Comecemos por Rui Rio. Paradoxalmente, o ex-autarca do Porto tem contra si aquela que é uma das suas principais qualidades, que é a imagem de homem de rigor e de contas certas. O que há alguns anos seria uma vantagem é agora um ponto fraco, se não for bem gerido do ponto de vista comunicacional. A economia está a crescer, os rendimentos estão a ser devolvidos aos portugueses e já ninguém quer ouvir falar em austeridade e défice zero.

O líder do maior partido da Oposição tem de ser capaz de mobilizar a sociedade portuguesa para implementar uma agenda reformista. Ora Rui Rio, com este discurso fora de tempo, terá dificuldade em fazê-lo. Tal como Passos, Rio é o homem que chamamos quando faz falta pôr a casa em ordem, não quando as coisas aparentam estar bem. O diabo pode até estar ao virar da esquina, mas um líder que fique sozinho a alertar para a vinda iminente do mafarrico não é eficaz. E, não sendo eficaz, de pouco lhe serve ter razão. Tragicamente, é o próprio Rui Rio que se coloca a si mesmo nesse papel, como quando afirma que teria feito “igual ou pior” do que Maria Luís.

Já Santana Lopes é diferente.

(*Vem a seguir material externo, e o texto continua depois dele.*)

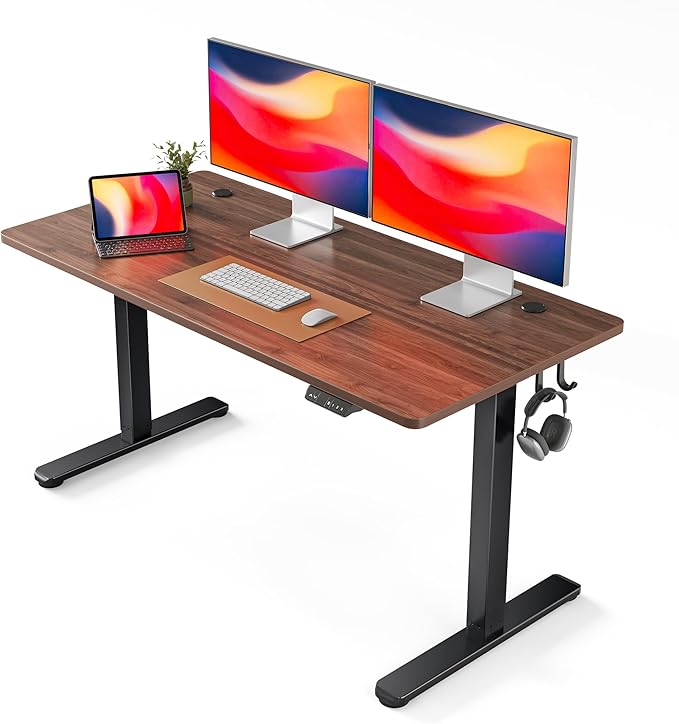 FEZIBO Electric Standing Desk, 55 x 24 Inches Height Adjustable Stand up Desk, Sit Stand Home Office Desk, Computer Desk, Black Walnut - LeafyLoom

É um político colorido, vivaço e bom orador, que consegue falar para além da economia e que, nos últimos anos, ganhou o que se costuma chamar de consciência social, à frente dos destinos da Santa Casa. Mas o que nos oferece de novo Pedro Santana Lopes, para além de uma versão mais madura, com um pouco mais de gravitas, do “menino guerreiro” de há 12 anos’?

Claro está que, tal como João XXIII, tanto Rio como Santana podem surpreender. Mas esperemos que, qualquer que seja o vencedor, o PSD aproveite os próximos anos para preparar uma nova geração de líderes, a pensar no pós-2019.